5. the method for the model realization framework according to claim 1 based on supervision class machine learning algorithm, feature exist In: sample data in the step 3 needs to increase a column entitled " weight " or the amendment column of " offset ", assignment rule are as follows:

The sample that label is 1, weight are assigned a value of p1/r1；

The sample that label is 0, weight are assigned a value of (1-p1)/(1-r1)；

Wherein p1 is ratio shared by label is 1 in initial bulk sample notebook data sample, and r1 is sample data adjusted of sampling Ratio shared by the sample that middle label is 1.

6. the method for the model realization framework according to claim 1 based on supervision class machine learning algorithm, feature exist In: the algorithms library in the step 4 is the algorithm packet in R, or is the Scipy algorithms library in Python, or in Spark MLlib algorithms library.

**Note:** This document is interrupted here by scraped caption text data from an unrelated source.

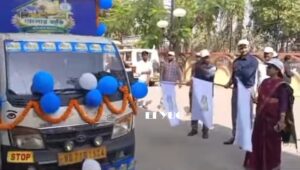 CoochBehar: বাংলার বাড়ি প্রকল্পের ট্যাবলোর সূচনা হলো জেলা শাসকের দপ্তরে 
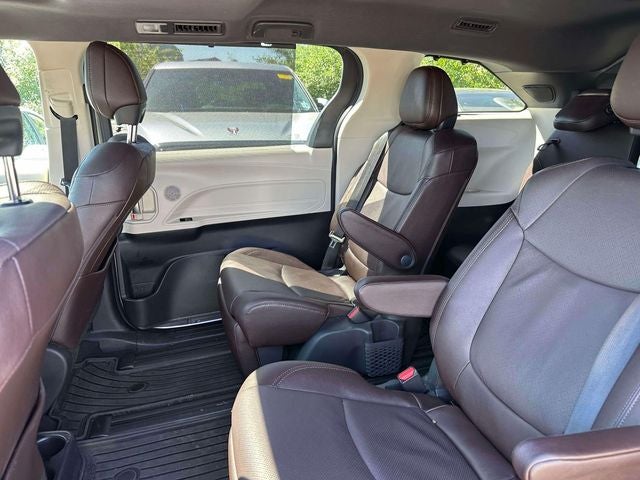 2024 Toyota Sienna Platinum 7 Passenger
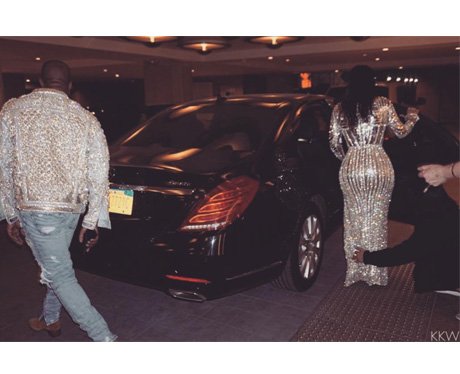 Kim Kardashian shows behind the scenes Met Gala ph
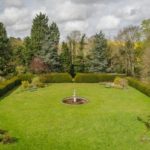 There-are-4.6-acres-of-gardens-and-grounds-1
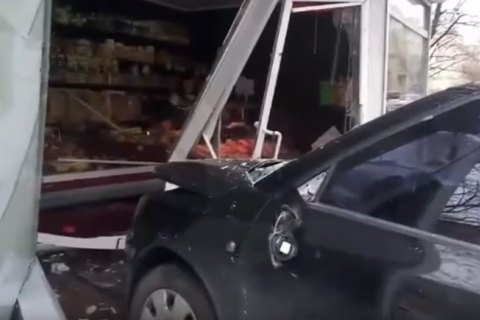 В Киеве пьяный водитель сбил трехлетнюю девочку на тротуаре и влетел в киоск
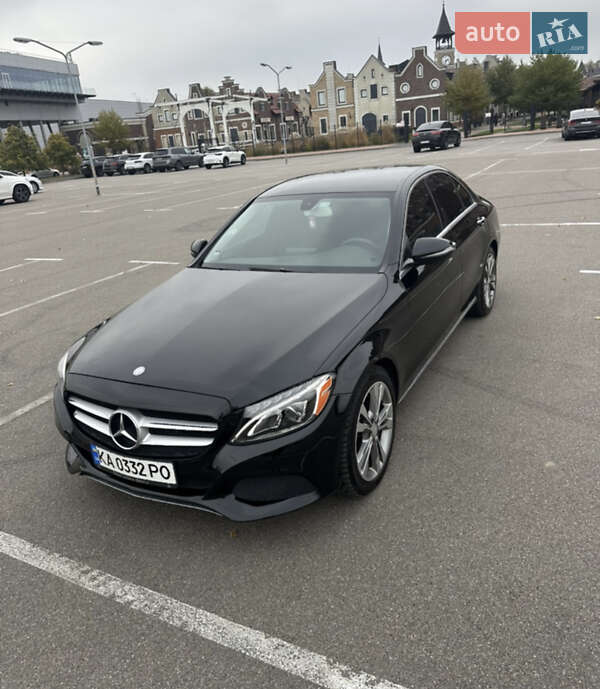 Седан Mercedes-Benz C-Class 2016 в Киеве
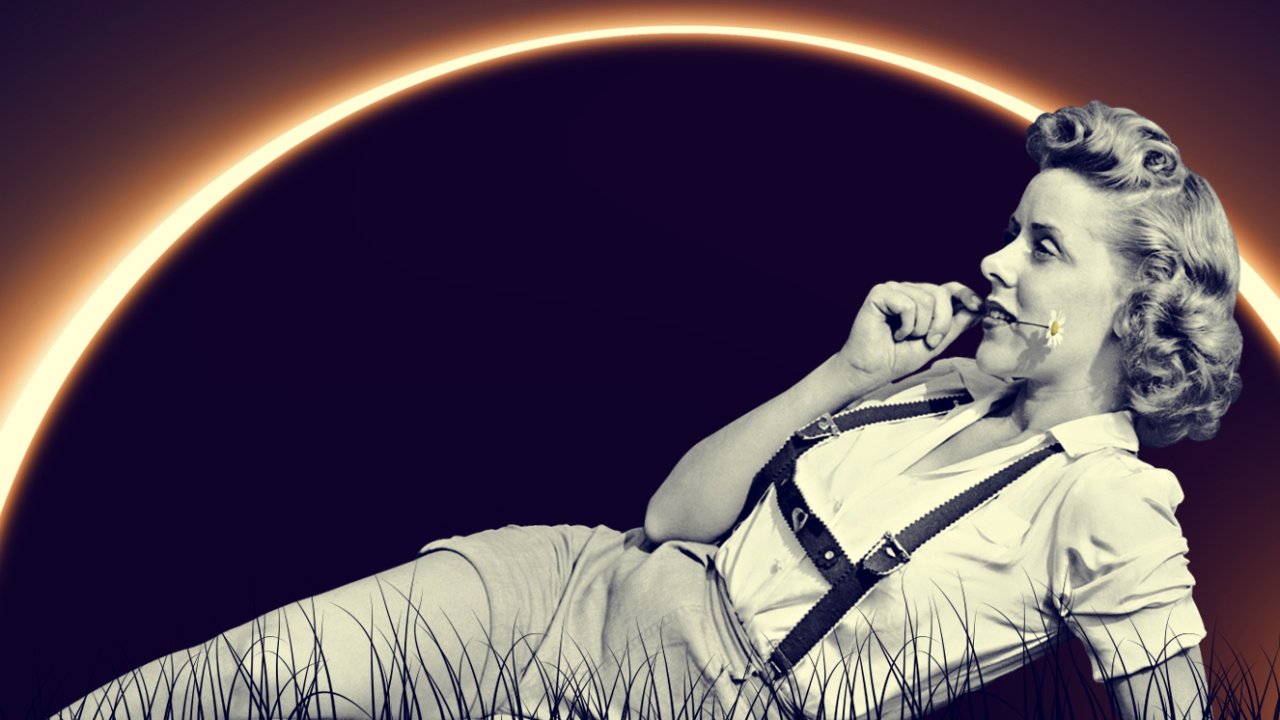 Colagem de uma mulher deitada apoiada no cotovelo com uma flor na boca e o eclipse lunar de fundo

7. the method for the model realization framework according to claim 1 based on supervision class machine learning algorithm, feature exist In: target item involved in the step 5 and prediction result are equipped with reference quantity, respectively mean square error and classification accuracy, In,

MSE is known as mean square error, calculation formula are as follows:

Classification accuracy, calculation formula are as follows:

Wherein, N is test sample amount, and p is that model prediction is 1 and realistic objective item is also 1 quantity, q be model prediction be 0 and Realistic objective item is also 0 quantity.

8. the method for the model realization framework according to claim 3 based on supervision class machine learning algorithm, feature exist In: the rule of certain rule is the ratio cut partition training test data with 7:3, i.e., 70% data sample is for training mould Type, 30% data sample are used to test.